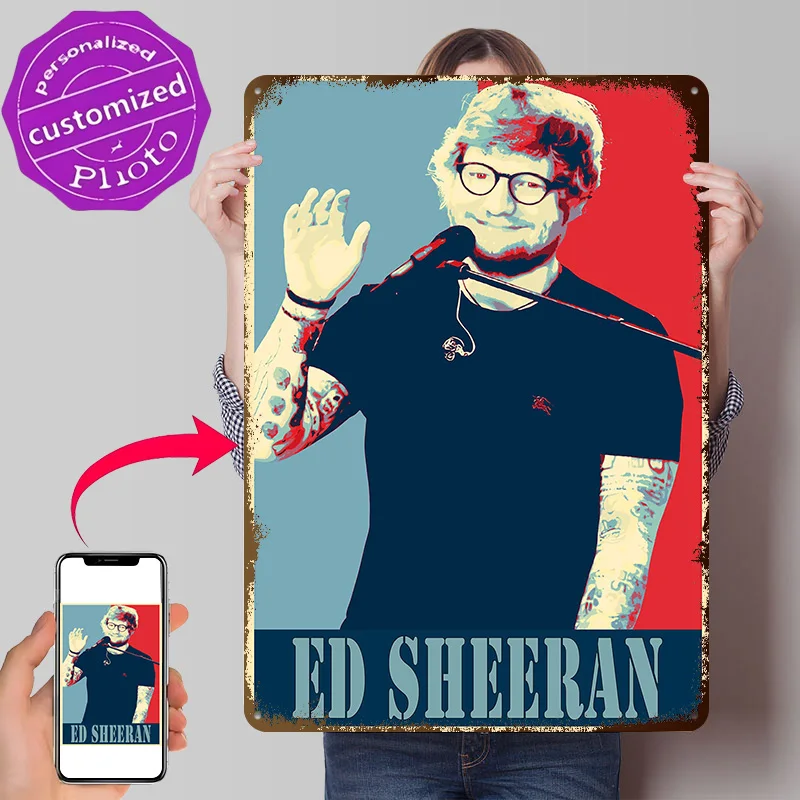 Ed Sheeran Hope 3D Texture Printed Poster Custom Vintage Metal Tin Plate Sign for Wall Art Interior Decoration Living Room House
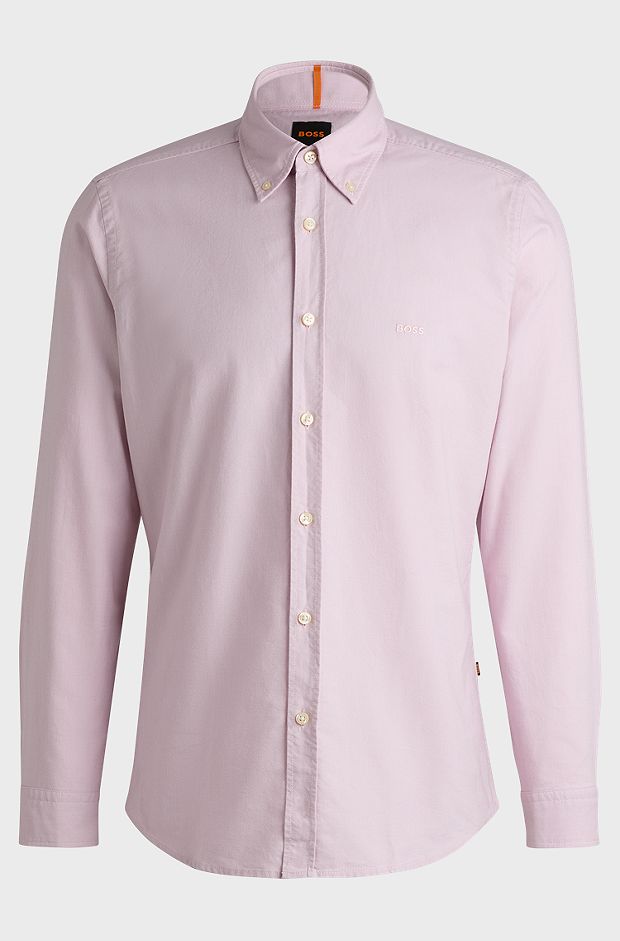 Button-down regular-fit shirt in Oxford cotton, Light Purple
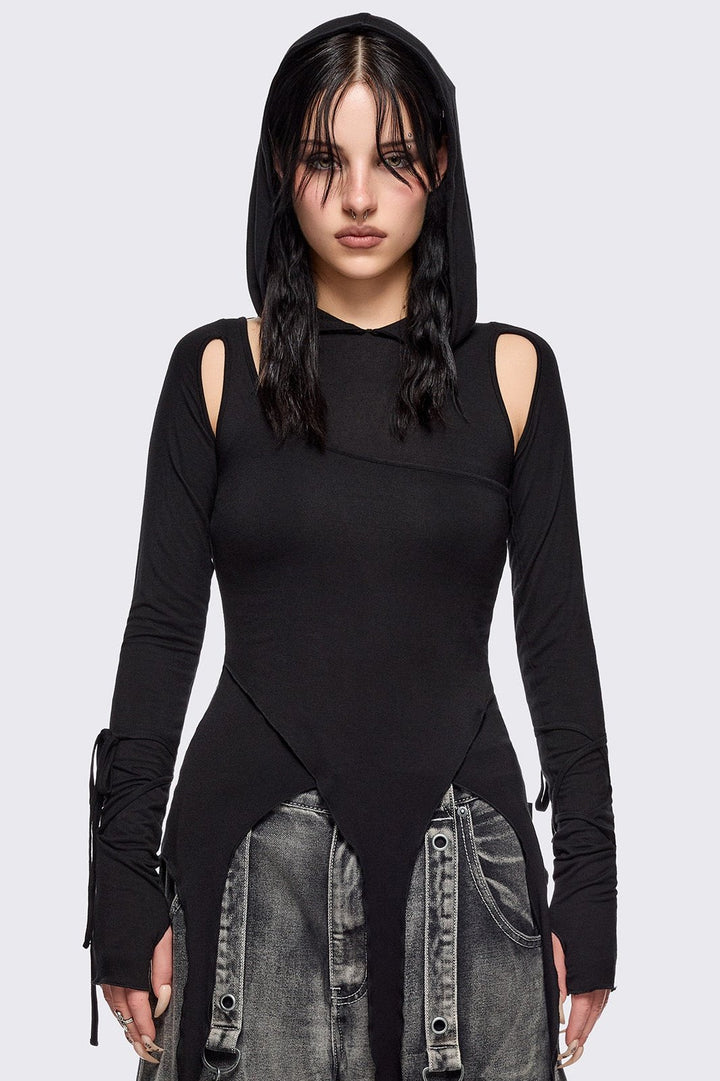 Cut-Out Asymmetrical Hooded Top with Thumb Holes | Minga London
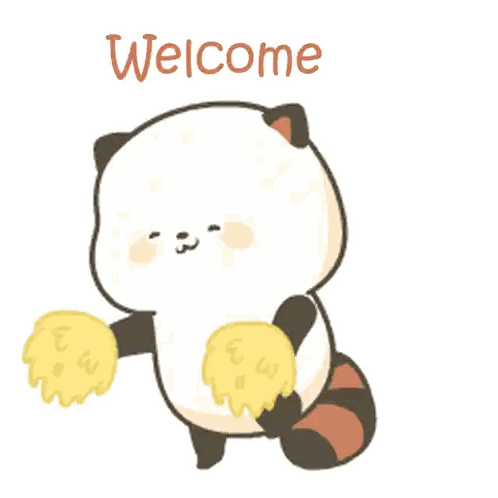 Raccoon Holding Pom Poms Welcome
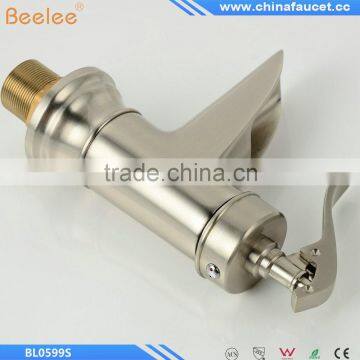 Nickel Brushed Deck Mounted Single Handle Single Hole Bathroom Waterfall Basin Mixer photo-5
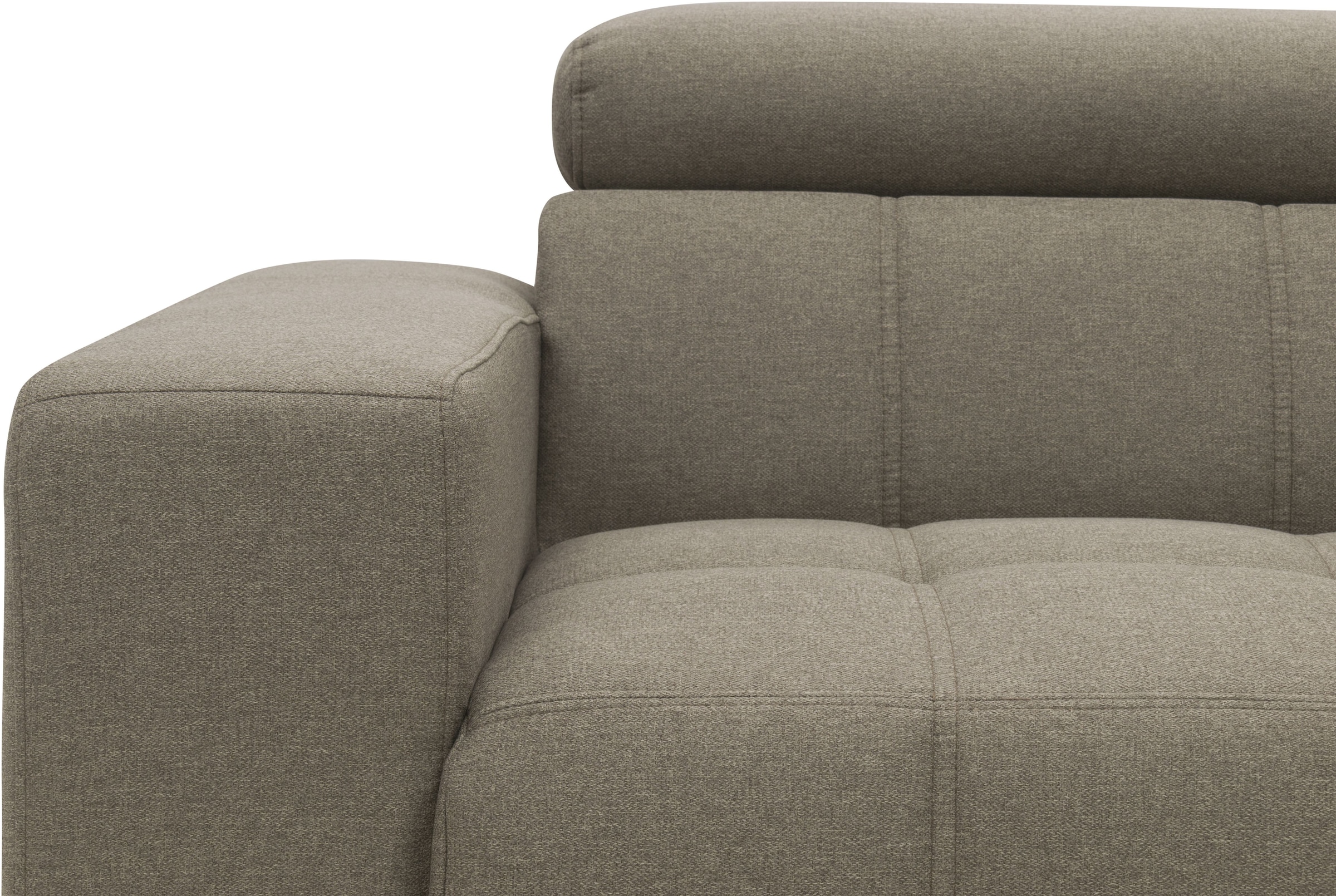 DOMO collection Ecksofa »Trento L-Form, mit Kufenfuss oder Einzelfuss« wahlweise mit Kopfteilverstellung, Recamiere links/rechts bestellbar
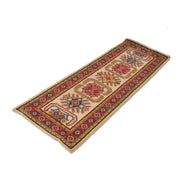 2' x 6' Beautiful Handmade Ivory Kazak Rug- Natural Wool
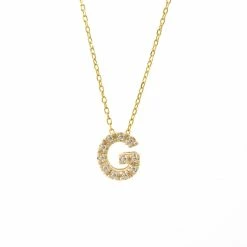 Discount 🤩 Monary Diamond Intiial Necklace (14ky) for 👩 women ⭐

________________________

* _Problem_: Omitting all pictures, copy the preceding entries without any alteration.

* _Exercise solution_:
 Ed Sheeran Hope 3D Texture Printed Poster Custom Vintage Metal Tin Plate Sign for Wall Art Interior Decoration Living Room House
 Button-down regular-fit shirt in Oxford cotton, Light Purple
 Cut-Out Asymmetrical Hooded Top with Thumb Holes | Minga London
 Raccoon Holding Pom Poms Welcome
 Nickel Brushed Deck Mounted Single Handle Single Hole Bathroom Waterfall Basin Mixer photo-5
 DOMO collection Ecksofa »Trento L-Form, mit Kufenfuss oder Einzelfuss« wahlweise mit Kopfteilverstellung, Recamiere links/rechts bestellbar
 2' x 6' Beautiful Handmade Ivory Kazak Rug- Natural Wool
 Discount 🤩 Monary Diamond Intiial Necklace (14ky) for 👩 women ⭐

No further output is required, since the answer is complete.